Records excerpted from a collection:
[Start of section]
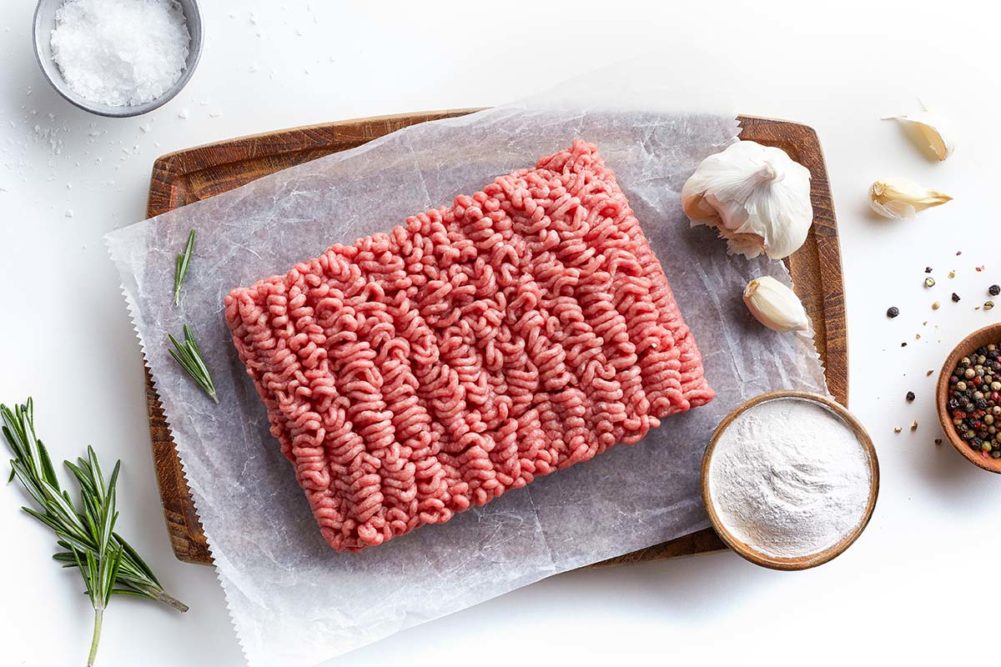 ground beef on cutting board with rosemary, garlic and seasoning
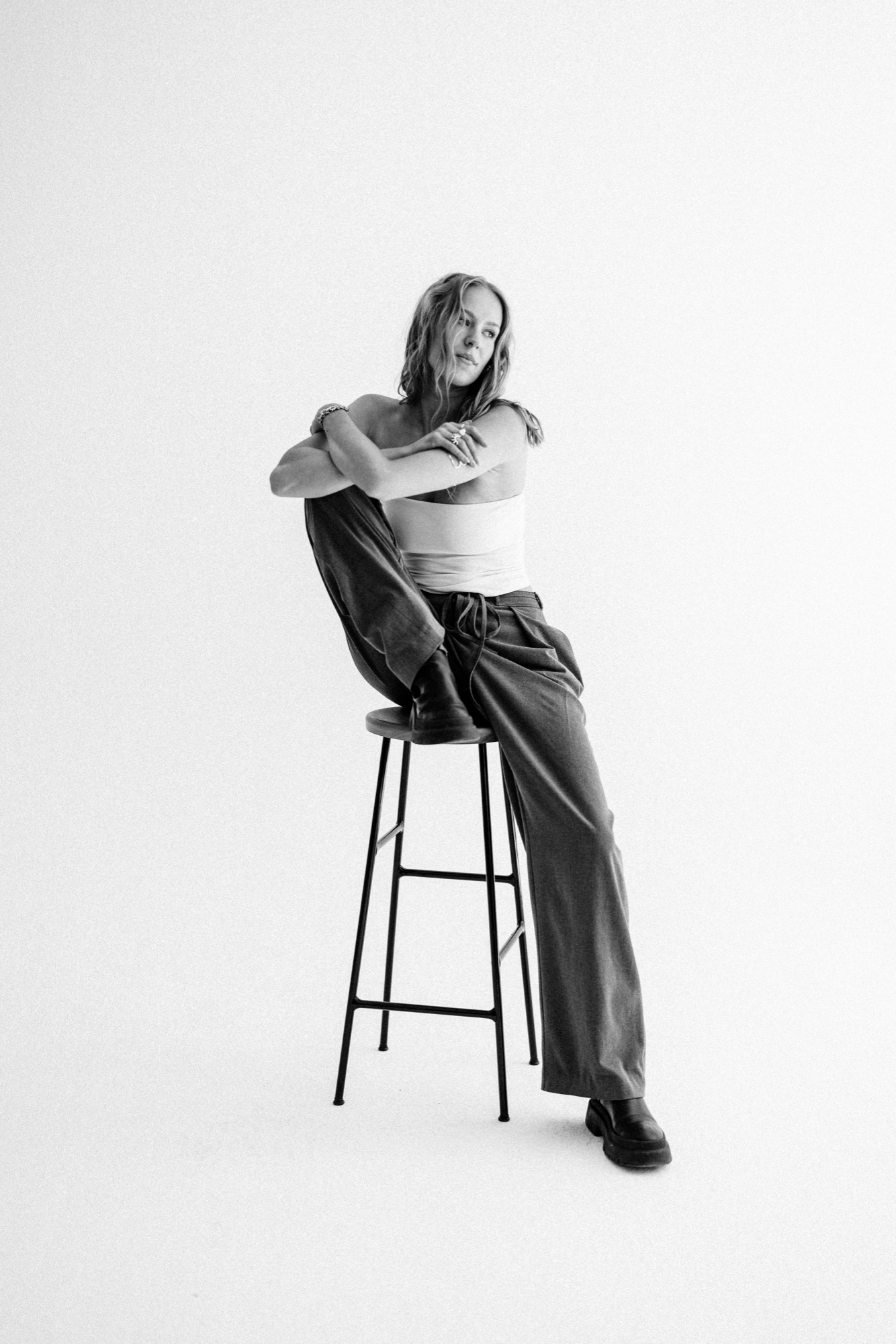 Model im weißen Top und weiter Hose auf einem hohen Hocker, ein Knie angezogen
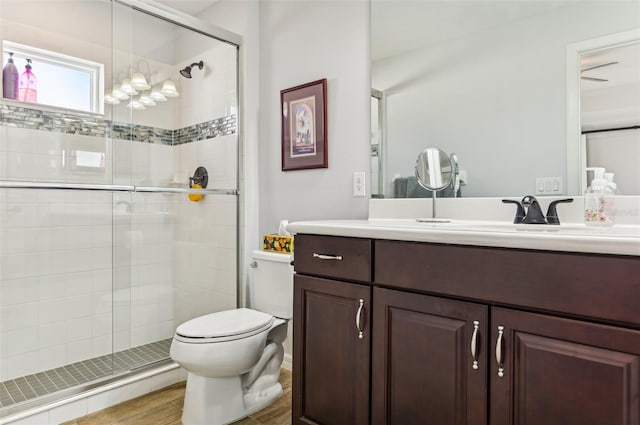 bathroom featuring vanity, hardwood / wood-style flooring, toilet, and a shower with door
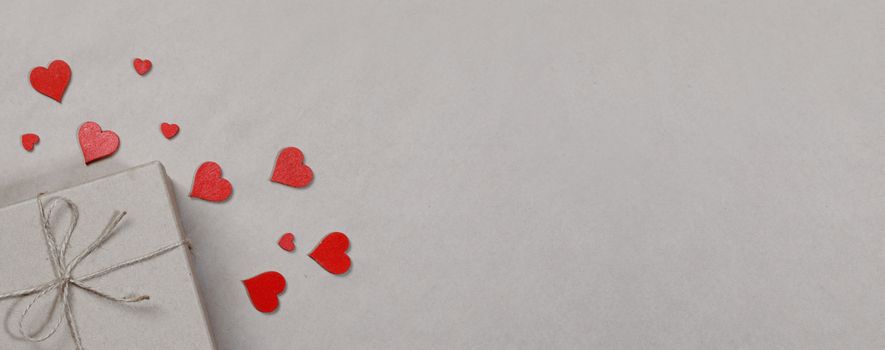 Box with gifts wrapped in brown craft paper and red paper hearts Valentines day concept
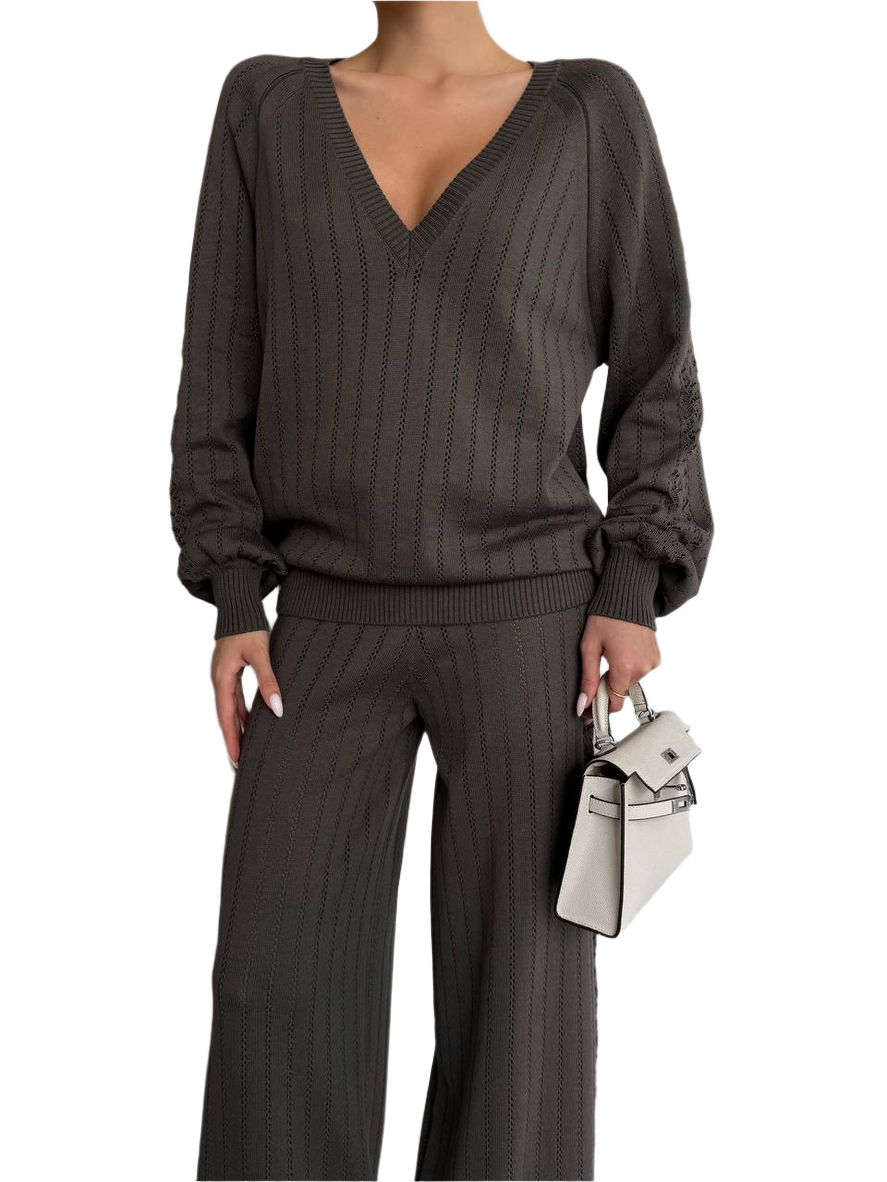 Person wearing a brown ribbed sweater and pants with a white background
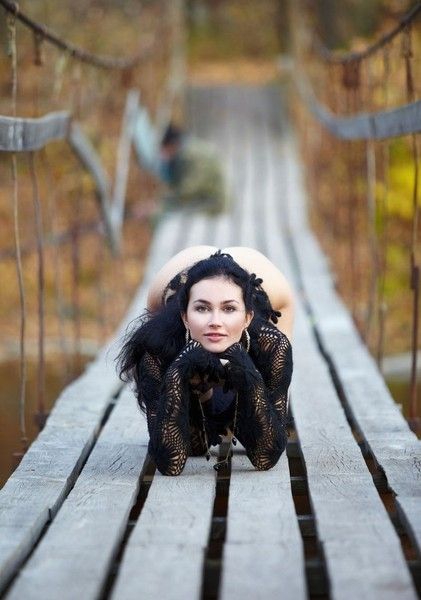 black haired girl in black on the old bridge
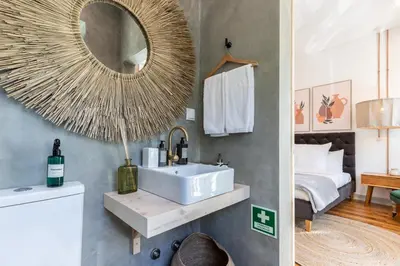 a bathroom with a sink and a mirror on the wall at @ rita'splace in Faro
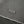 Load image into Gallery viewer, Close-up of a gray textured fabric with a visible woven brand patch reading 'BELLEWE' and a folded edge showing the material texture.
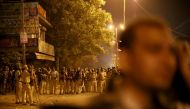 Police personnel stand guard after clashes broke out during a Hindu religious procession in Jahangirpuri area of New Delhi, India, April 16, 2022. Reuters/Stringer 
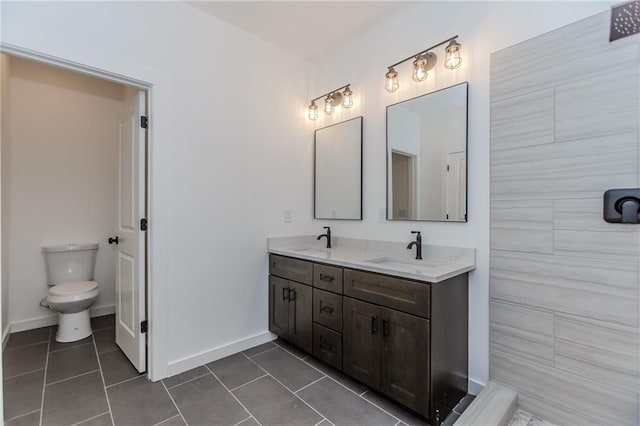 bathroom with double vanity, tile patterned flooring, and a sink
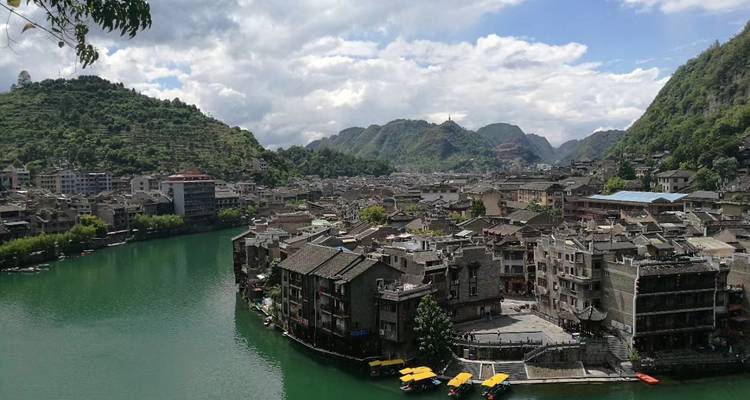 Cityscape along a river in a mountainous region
[End of section]
# Your assignment
Copy nothing but the lines from the top of the data down to the line containing "Box with gifts", and leave the pictures out.

# Solution
 ground beef on cutting board with rosemary, garlic and seasoning
 Model im weißen Top und weiter Hose auf einem hohen Hocker, ein Knie angezogen
 bathroom featuring vanity, hardwood / wood-style flooring, toilet, and a shower with door
 Box with gifts wrapped in brown craft paper and red paper hearts Valentines day concept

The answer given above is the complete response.